On the other hand, I was guest blogger on Jeanne Melanson’s “Animal Bliss,” writing about our recent experience with canine epilepsy, and received this most welcome  note from her:

“Hey Melissa!

Your Canine Epilepsy post was included in a “Favorite Dog Articles of the Week” roundup post on Puppy Leaks (.com). Your post is mentioned in one of the blog comments as well.

Bravo, girl! Oh, how fun.



And, as a response to the rejections, that short story has gone out this morning to another magazine. Never say die.


I’ve been laying a bit low these past couple of weeks. You’re familiar with the drill: the hoopla of Thanksgiving leading to the crest of the hill you barrel down until you smack into Christmas like the landlady in Kung Fu Hustle sailing into the billboard. (Click the link; you’ll see what I mean.)

Add to this that I’ve been a bit tense … anticipatory, really … because the proposal for The Man Who Loved Elephants had gone out to a few editors before the Christmas publishing holidays. I feel strongly about the quality of this book and its historical value, as well as its hopeful look at the future of elephant conservation.

So far, the editors haven’t agreed with me.

I’ve been writing long enough that I take criticism and rejection on the chin most days. You can’t be an artist or performer of any kind and maintain a fragile ego. The two just don’t go together. Still, receiving five rejections in a single day was a bit … disappointing.

These were not “thanks, but no thanks” rejections. The editors took time to write out their thoughts about the book and give actual reasons for turning it down. This is a courtesy I truly appreciate, though it didn’t make the sting any less.

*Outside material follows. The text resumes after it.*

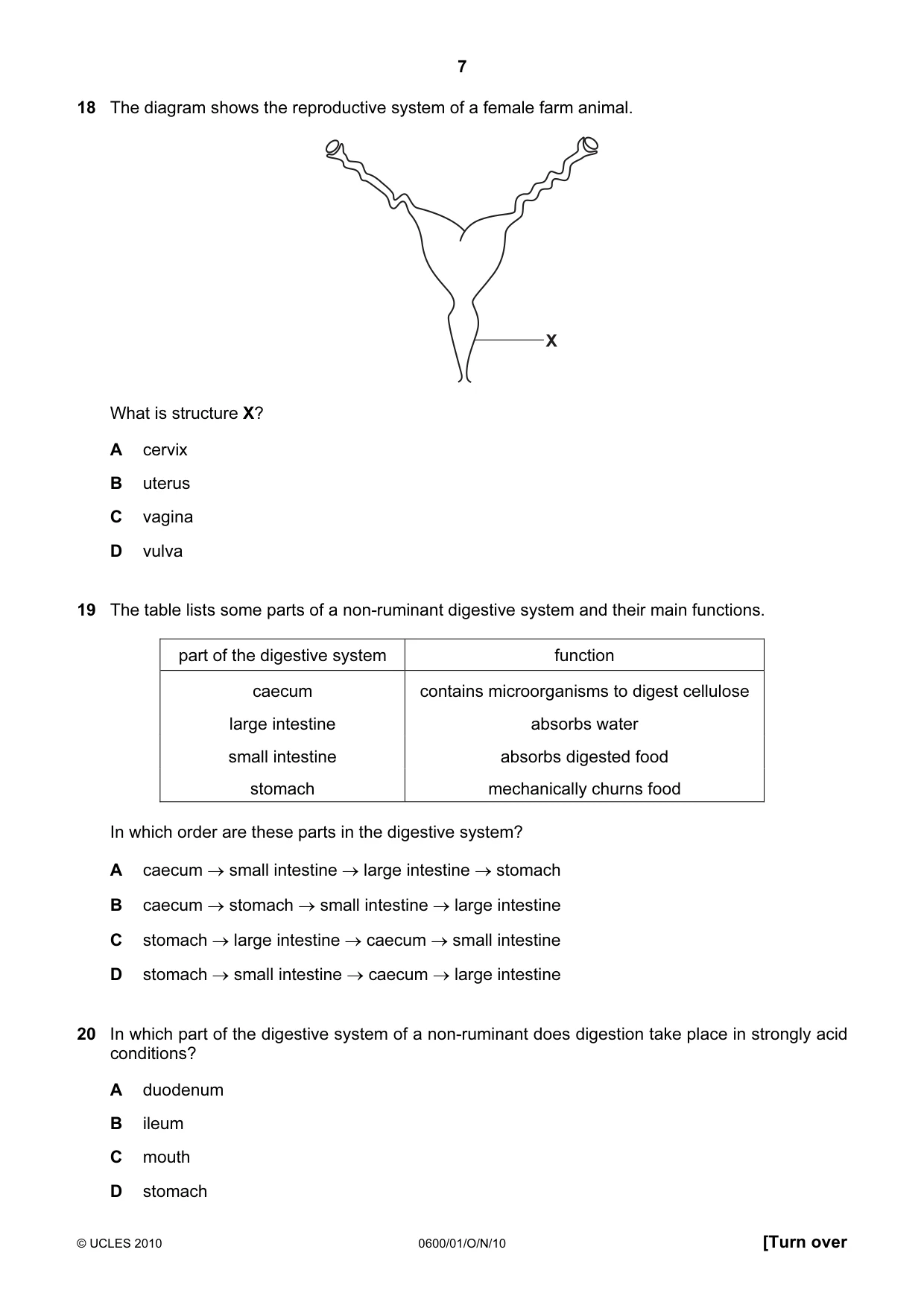 Cambridge IGCSE Agriculture 0600 2010 Oct/Nov Paper 1 · Variant 1 question paper, page 7 of 16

I’ll be honest – I cried. For about fifteen seconds. Then I heard THAT VOICE rising from the back of my brain. You know the one, the monkey-mind that snatches opportunities like this one to remind you of how worthless you are. I heard her start to open her big mouth, and I said, “Phyllis, shut the hell up.” (Well, I didn’t say hell … And, yes, I’ve given my deprecating inner voice a name so that when I tell her to can it, she knows I’m speaking to her.  It works.) (And, yes, if you want details as to why I’ve done something that on the surface probably sounds wonky, shoot me a message and I’ll tell you.)

Anyway, she did as I asked. And in that silence, I heard myself say, “Screw them.” (No, I didn’t say screw, either). “I’m not giving up.” I gave myself permission to feel my bruises, and then I went to bed. I slept soundly and woke the next morning to plunk myself back at the computer because THAT, dear friends, is what it’s all about.